I came up with a way to "make it work" with the current approach, but it's super awkward. I would prefer to just do XXfallback correctly, which would actually be pretty easy in Go, since it's supported by https://github.com/flynn/noise, which I've discovered is much nicer to work with than the Noise Explorer code.

There is a new complication introduced by doing XXfallback correctly though. When Bob is responding to an incoming handshake, he needs to determine whether it's an IK or XX attempt. Right now, we always try IK, then fallback if that fails. However, if XX and XXfallback aren't directly compatible, that won't work. Alice will send an XX message, but get an XXfallback response.

There are two ways that I can think to deal with that.

  1. The initial IK message is larger than the minimum size of an initial XX message, so we could distinguish between them based on size, instead of always trying to decrypt as IK. Then Alice would never receive an XXfallback response to an XX message.

  2. We always use XXfallback, even for full 1.5 RTT "XX-style" handshakes. For the full handshake, Alice generates a new ephemeral key and sends it over the wire, but doesn't incorporate the outgoing message into her handshake state. Bob reads the key and initiates an XXfallback handshake to Alice, using the key he read as pre-message knowledge. Alice initiates her handshake as an XXfallback responder, using the key she generated as her local ephemeral key. This XXfallback all the time pattern is described in the handshake indistinguishability section of the Noise framework spec.

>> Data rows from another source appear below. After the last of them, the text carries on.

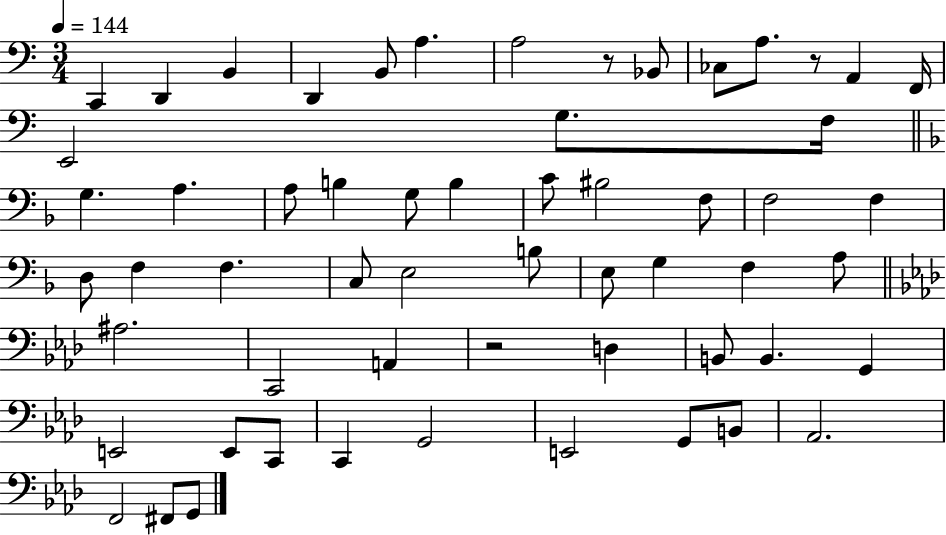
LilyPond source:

{
  \clef bass
  \numericTimeSignature
  \time 3/4
  \key c \major
  \tempo 4 = 144
  c,4 d,4 b,4 | d,4 b,8 a4. | a2 r8 bes,8 | ces8 a8. r8 a,4 f,16 | \break e,2 g8. f16 | \bar "||" \break \key d \minor g4. a4. | a8 b4 g8 b4 | c'8 bis2 f8 | f2 f4 | \break d8 f4 f4. | c8 e2 b8 | e8 g4 f4 a8 | \bar "||" \break \key aes \major ais2. | c,2 a,4 | r2 d4 | b,8 b,4. g,4 | \break e,2 e,8 c,8 | c,4 g,2 | e,2 g,8 b,8 | aes,2. | \break f,2 fis,8 g,8 | \bar "|."
}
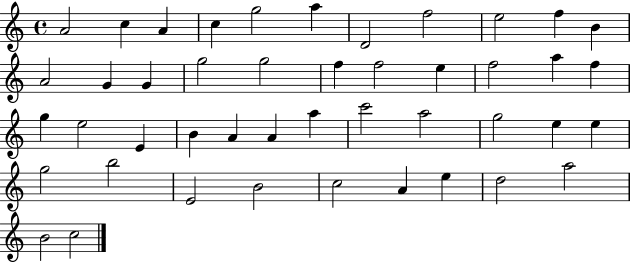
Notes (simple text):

A4/h C5/q A4/q C5/q G5/h A5/q D4/h F5/h E5/h F5/q B4/q A4/h G4/q G4/q G5/h G5/h F5/q F5/h E5/q F5/h A5/q F5/q G5/q E5/h E4/q B4/q A4/q A4/q A5/q C6/h A5/h G5/h E5/q E5/q G5/h B5/h E4/h B4/h C5/h A4/q E5/q D5/h A5/h B4/h C5/h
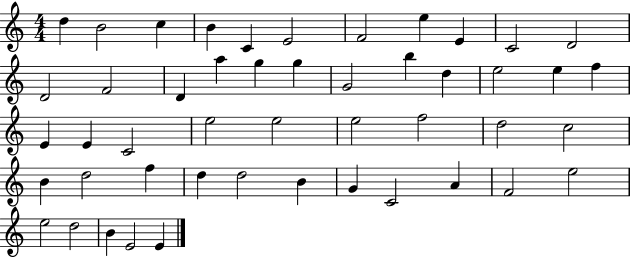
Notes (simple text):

D5/q B4/h C5/q B4/q C4/q E4/h F4/h E5/q E4/q C4/h D4/h D4/h F4/h D4/q A5/q G5/q G5/q G4/h B5/q D5/q E5/h E5/q F5/q E4/q E4/q C4/h E5/h E5/h E5/h F5/h D5/h C5/h B4/q D5/h F5/q D5/q D5/h B4/q G4/q C4/h A4/q F4/h E5/h E5/h D5/h B4/q E4/h E4/q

If we don't care about handshake indistinguishability (whether outside observers can guess whether we're doing XX or IK), then option 1 is easy. It's also nice because not all Noise libraries support fallback patterns. If we distinguish based on message size, we could still use those libraries and just not implement Noise Pipes, and we'd still be compatible with peers that do support Pipes.

With option 2, everyone has to support XXfallback whether they support Noise Pipes or not.

cc the noise spec interest group: @raulk, @tomaka, @romanb, @shahankhatch, @Mikerah, @djrtwo, @dryajov, @mpetrunic, @AgeManning, @morrigan, @araskachoi, @mhchia

yusefnapora commented 4 years ago

Just to clarify, above when I say that doing XXfallback correctly makes it not "compatible" with XX, I mean that if Alice initiates an XX handshake to Bob, Bob can't reply with an XXfallback message, because the protocol name affects the handshake hash and Alice won't be able to decrypt the reply unless she also reinitializes her handshake state to use the XXfallback pattern.

In short, if XX and XXfallback are distinct patterns, and we support both of them, both parties need to agree on which one is being used.

I'm going to try writing up all the Noise Pipes scenarios to see if it's possible to determine what to use based on message size (option 1 from above).

No one supports Noise Pipes

This one is easy, since there's no fallback involved or decisions to make.

Alice and Bob both support Pipes

This works, since an initial XX message is smaller than an initial IK message, and Bob can always know how to respond. Bob always responds to an XX message with XX, and responds to IK with either IK or XXfallback.

Alice does not support Pipes, but Bob does

This one works fine, since Bob can tell whether to send XX, and Alice will never initiate an IK to Bob.

Alice supports Pipes, but Bob does not

This is the problematic case. If XX and XXfallback are two distinct and incompatible protocols, Alice could receive three possible responses to an attempted IK handshake:

There doesn't seem to be way for Alice to distinguish the latter two cases from each other based on the message content.

So now I'm thinking that option 1 isn't viable, and if we want to use the correct protocol naming rules we need to go with option 2 (always do XXfallback). This works because we never need to distinguish between XX and XXfallback, just between IK and XXfallback, which we can do with trial decryption.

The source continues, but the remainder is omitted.